As I sit here contemplating how to tackle arranging my thoughts on MIDNIGHT MASS, I am left grasping at the air trying to find the right words. Yet, I find myself completely baffled as to what words would truly pin down all that this series is. I’ll give it my best try, though. Flanagan has always had a knack for exploring the depths within characters, providing a necessary well-roundedness that is any creative’s dream to bring to life. This series is no different. The same can be said for how enriching Flanagan’s exploration of themes is for the general viewer. We’ve seen this best depicted in recent years with The Haunting of Hill House and The Haunting of Bly Manor series, series that allowed Flanagan to learn and perfect everything in which viewers will experience in his latest piece. MIDNIGHT MASS has much to say about the human experience, especially in relation to morality, religion, personal accountability, and more. A thoughtful, intellectual series, no words can truly describe how with each episode we’ll be left with our thoughts long after the credits roll. These heavy topics touched upon in the series could have easily gone sideways, but there’s a personal care taken that grounds and supports what we are to take in. Hat’s off to Flanagan for that.

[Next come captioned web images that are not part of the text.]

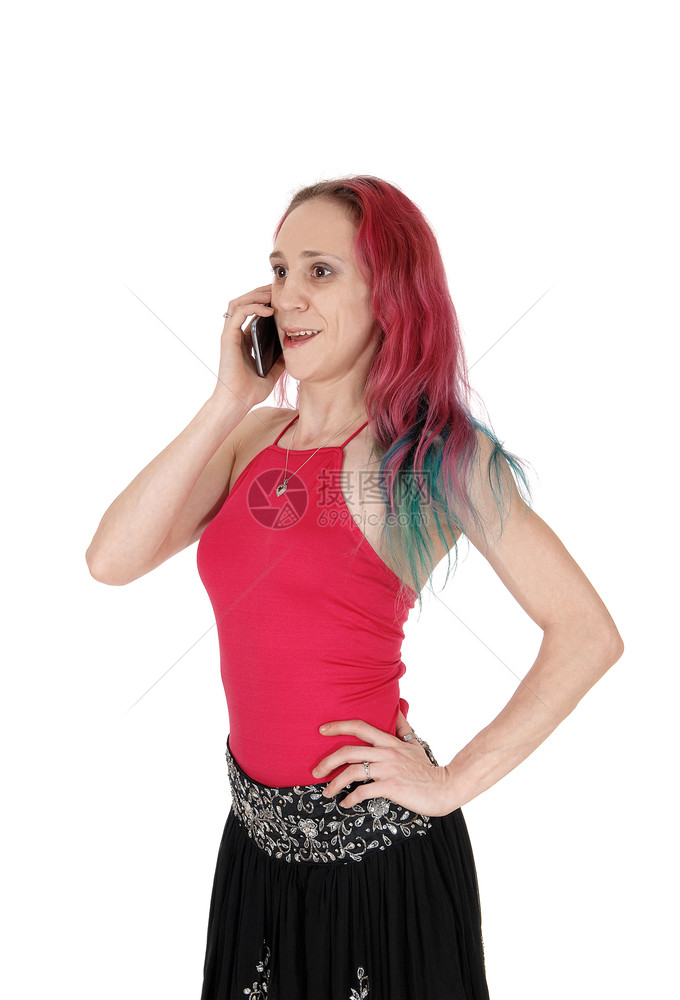 一个穿红色上衣和黑裙子的漂亮年轻美女穿着长的红色头发与白背景隔绝在手机上说话图片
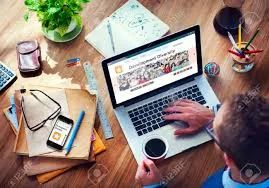 Person working on a laptop surrounded by office supplies and a cup of coffee.
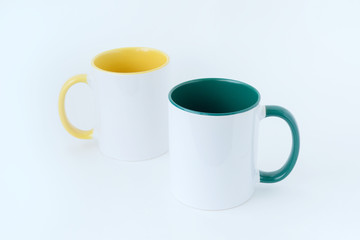 Two white mugs, with a green and yellow handle on a white background.  Isolated.   View from above.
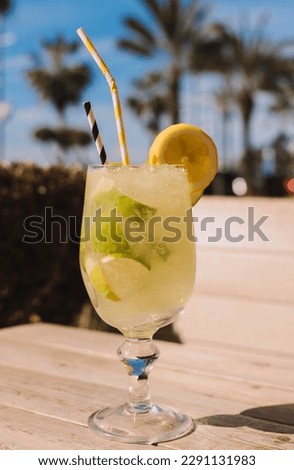 Similar – Image, Stock Photo Mojito, traditional Cuban cocktail made with white rum, sugar, lime juice, sparkling water, and mint leaves.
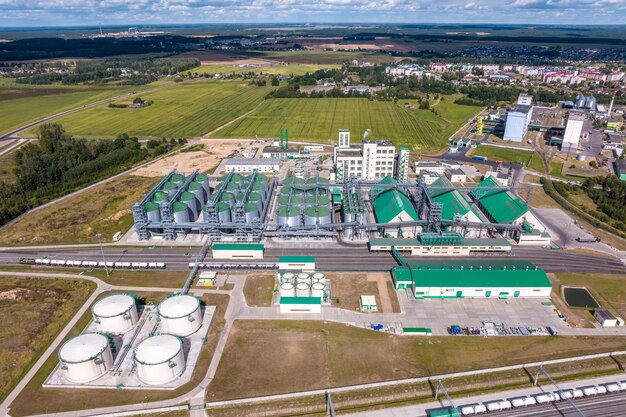 Aerial view on rows of agro silos granary elevator with seeds cleaning line on agroprocessing manufacturing plant for processing drying cleaning and storage of agricultural products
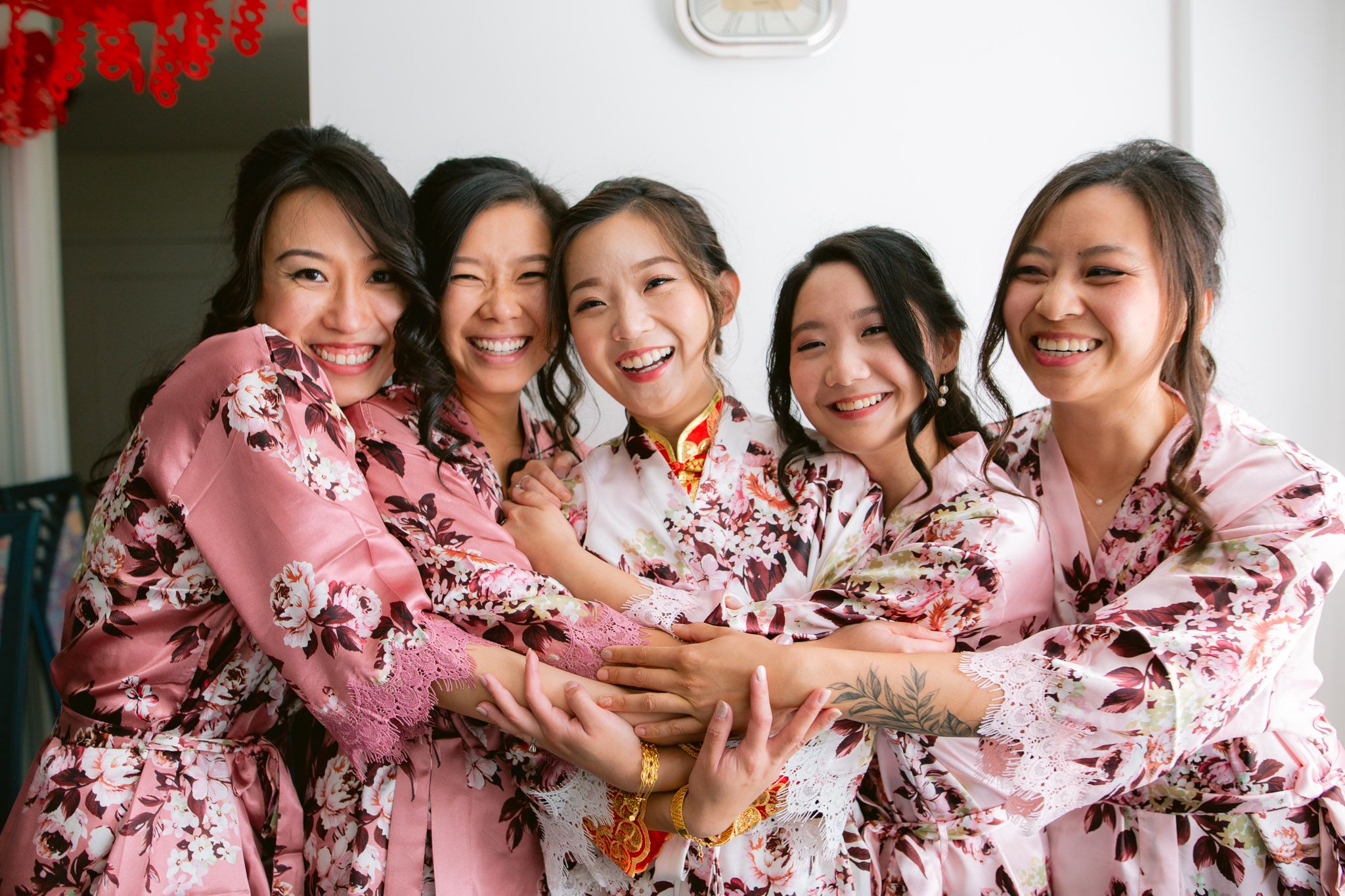 Several people in coordinated pink floral robes share laughter and conversation at a gathering.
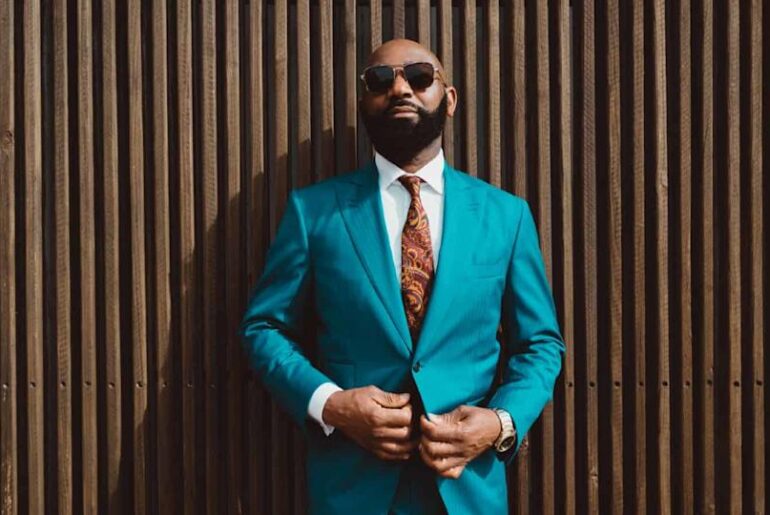 A handsome mature bald bearded black man in a sunglasses and a fashionable blue or teal costume with a tie is standing in front of a wall made of striped wooden timbers and fastening a suit button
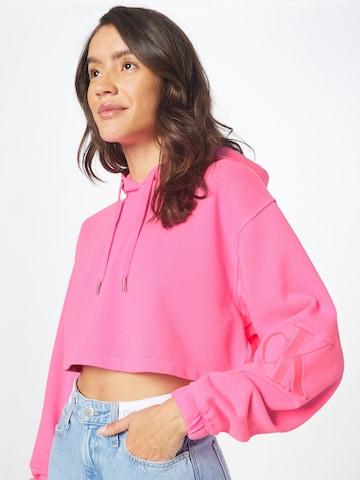 Calvin Klein JeansSweater majica - roza boja: prednji dio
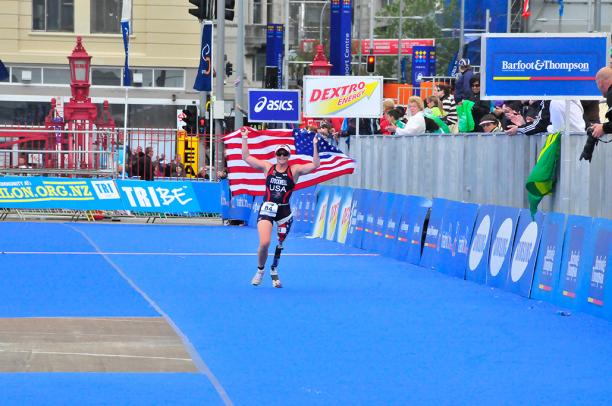 A picture of a woman with a prosthesis wearing an American flag to celebrate her victory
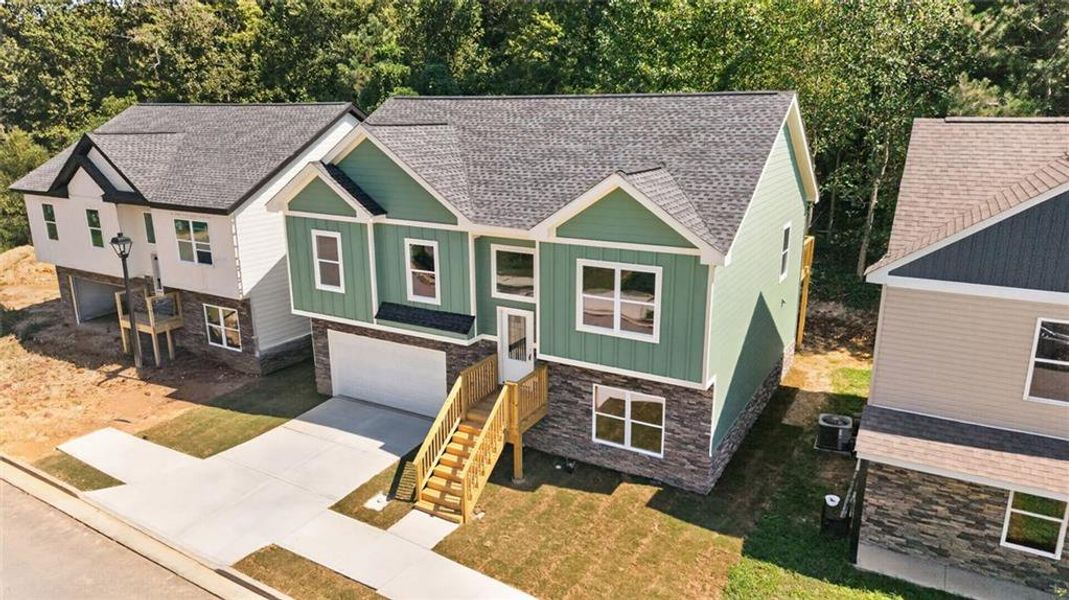 Front exterior of a new home in , Gainesville, GA, highlighting curb appeal (Image 21).
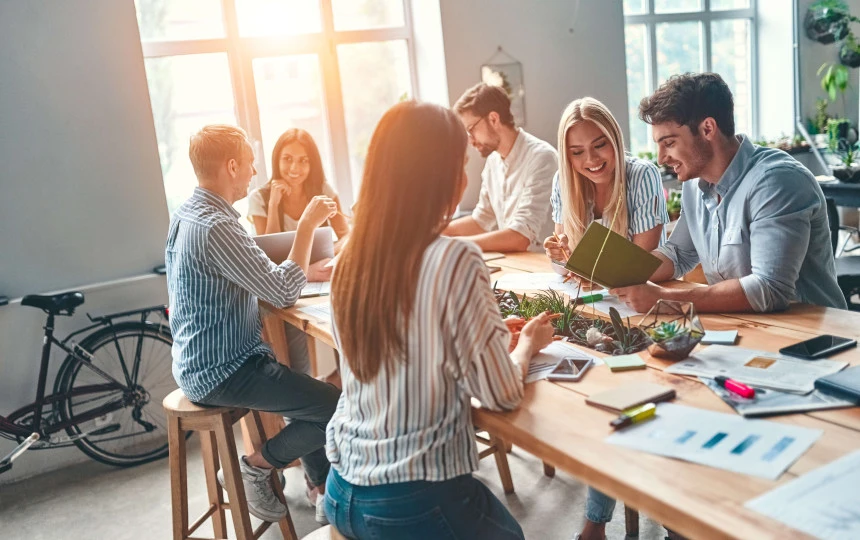 six people sitting in a communal area smiling and interacting with office material on the table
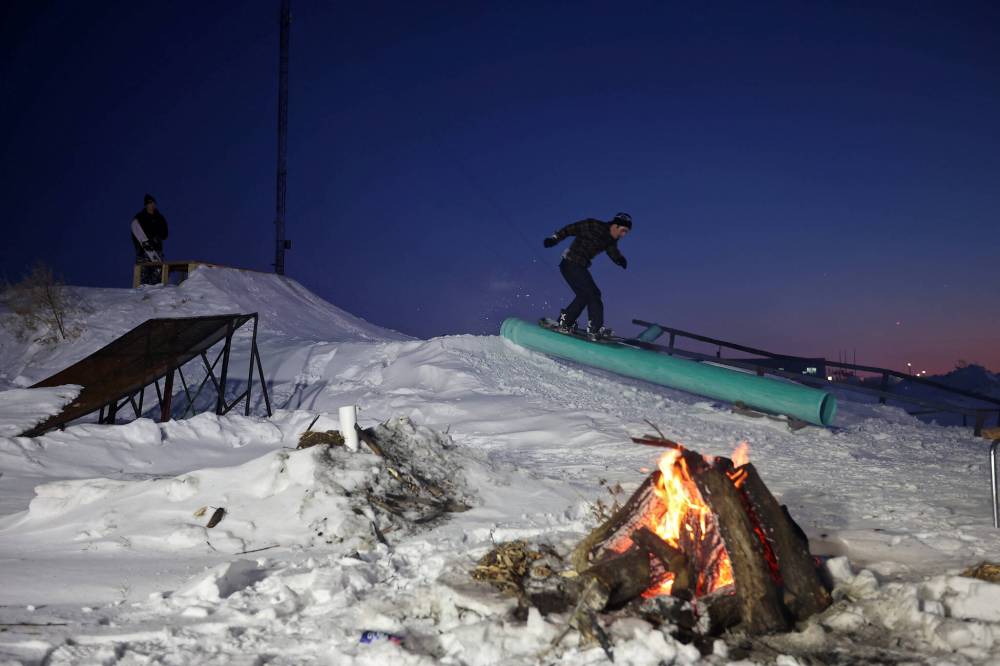 Nathan Rey grinds a tube while snowboarding in the backyard park at Campbell’s home on Wednesday evening.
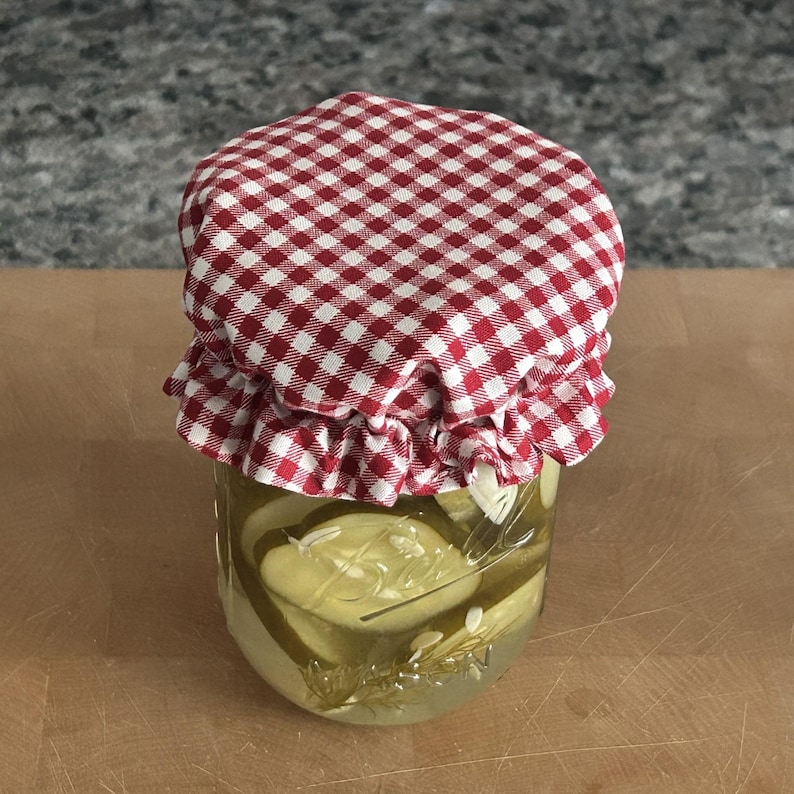 May include: A clear glass jar filled with sliced pickles in brine, topped with a red and white gingham fabric cover. The fabric is secured with a ruffled edge over the lid of the jar, which features embossed glass lettering on the side surface.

Touching further upon the writing, MIDNIGHT MASS possesses the kind of material actors dream of. With some of the conversations that take place onscreen, it appears delivered via monologues. These instances give this ensemble cast ample opportunity to give the audience a glimpse into the psychology of their character and room to showcase the handling of the material provided. There’s not a single poor performance given. With that said, there are notable standouts among the cast. Hamish Linklater’s Father Paul has a charisma and wisdom that both draws you in and terrifies. The kind of leader that you can easily see why anyone would willfully follow every word said. Linklater makes deft work of the material, munching the scenery and drawing all eyes to him. Zach Gilford’s Riley is heartbreaking. A man weighed heavily by guilt, the audience will be hard-pressed not to want to reach through the screen and give him a hug. Samantha Sloyan’s Bev is truly the one to hate. The true personification of religious hypocrisy, we all know the type of woman Bev is. A role that could have easily become a caricature in less capable hands, Sloyan will be the one many get pulled in by in this series.

Crockett Island is an entire character in itself. While the community is decaying inside and out, the Island’s serenity is captured by Michael Fimognari’s camerawork. Sweeping overshot views capture the inherent beauty that remains despite the repeated disasters that have afflicted its waters and inhabitants. Production Designer Steve Arnold has created a grounded, realistic feel for the isolated Island lifestyle that some may recognize from fishermen communities. Art Director Laurin Kelsey, Supervising Art Director Andrew Li, and the overall Art Department execute Arnold’s vision with care, creating a streamlined cohesiveness that captures the aesthetic required for the setting.

By series end, viewers will be left full and rendered speechless from this full course meal Flanagan has offered to us. Like large meals, there will be time needed to fully digest what has been witnessed. A meal so rich and layered in complexity needs time to be properly savored. Once we’ve sat with it, though, the true extent of the gift we’ve been given will be realized. This decade-long project in the making is a triumph. A culmination of everything Flanagan has gained and learned throughout his career, the time and care taken reverberates onscreen. MIDNIGHT MASS is the filmmaker at his most vulnerable and most introspective. A bleak, macabre, yet hopeful work wrapped up in a burning bright package, this is Flanagan’s masterpiece. Do not miss MIDNIGHT MASS.

All seven episodes of MIDNIGHT MASS will be available exclusively on Netflix on September 24, 2021. As a general disclaimer to those concerned about animal death and violence, the series does have that.